Do your figures take into effect 'ground effect' flying?
I don't usually bother, though the calculations could be made more
accurate by doing so. Ground effect will not allow large pterosaurs to
launch bipedally, though. The effect is insufficient in magnitude to
solve the problem at hand (that much I have confirmed, at which point I
usually just leave it out).
I mapped sequential photos of a pelican taking off (I can send this
via a non DML email). Although the pelican is airborne immediately,
the acceleration over a half dozen frames is easy to measure while
flying in ground effect. Maybe, like pelicans and herons the
availability of ground effect means pterosaurs don't have to reach
cruise speed within a second after take-off? Perhaps a trajectory in
big pteros lower than 30º would be equivalent (i. e. ultimately
leading to flying at cruise speed)?
Ground effect doesn't help quite that much. Besides, a biped launch
doesn't get many pterosaurs even close to cruise speed - they need to
get at least close enough for an anaerobic burst window to finish the
job. And there remains the lingering issue that pterosaurs are so well
built for quad launching and so poorly built, as a general rule, for
Looks like: 1) crouch simultaneous with wing unfolding and upbeat. 2)
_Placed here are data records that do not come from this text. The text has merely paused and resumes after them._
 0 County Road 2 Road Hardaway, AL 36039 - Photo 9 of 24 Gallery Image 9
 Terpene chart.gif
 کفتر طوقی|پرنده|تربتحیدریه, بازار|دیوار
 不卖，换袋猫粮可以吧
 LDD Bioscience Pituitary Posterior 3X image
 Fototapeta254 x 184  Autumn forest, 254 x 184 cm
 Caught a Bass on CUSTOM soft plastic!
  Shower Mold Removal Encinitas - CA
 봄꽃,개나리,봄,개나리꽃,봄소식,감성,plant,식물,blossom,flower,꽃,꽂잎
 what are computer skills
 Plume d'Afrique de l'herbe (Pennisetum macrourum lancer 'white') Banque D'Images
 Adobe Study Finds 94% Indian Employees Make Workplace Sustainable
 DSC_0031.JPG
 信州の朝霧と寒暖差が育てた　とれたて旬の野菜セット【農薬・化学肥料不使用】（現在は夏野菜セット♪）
hindlimb extension simultaneous with first downbeat. No surprises.
Probably common to most birds.
The hindlimb impulse precedes the production of most of the aerodynamic
force production - at least, that's true for all birds so far tested
So, I'm gathering from the video that a large amount of thrust is
generated by the wings along with thrust from the hind limbs. Which
seemingly relieves the hindlimbs of a large amount of duty -- which
was a major concern of yours.
The wings do not produce much launch force - that is the real kicker
here. As David M. correctly ascertained, about 90% of the launch force
(in birds) comes from the hindlimb impulse. The wings are not
traveling fast enough to generate much force. Even hummingbirds, with
their tiny legs, produce 59% of their launch force from the hindlimbs
(see work by Tobalske).
The upshot of this is that hindlimb skeletal strength scales very
rapidly in birds - such that large species have disproportionately
strong femora. The humeri scale much more slowly, by comparison.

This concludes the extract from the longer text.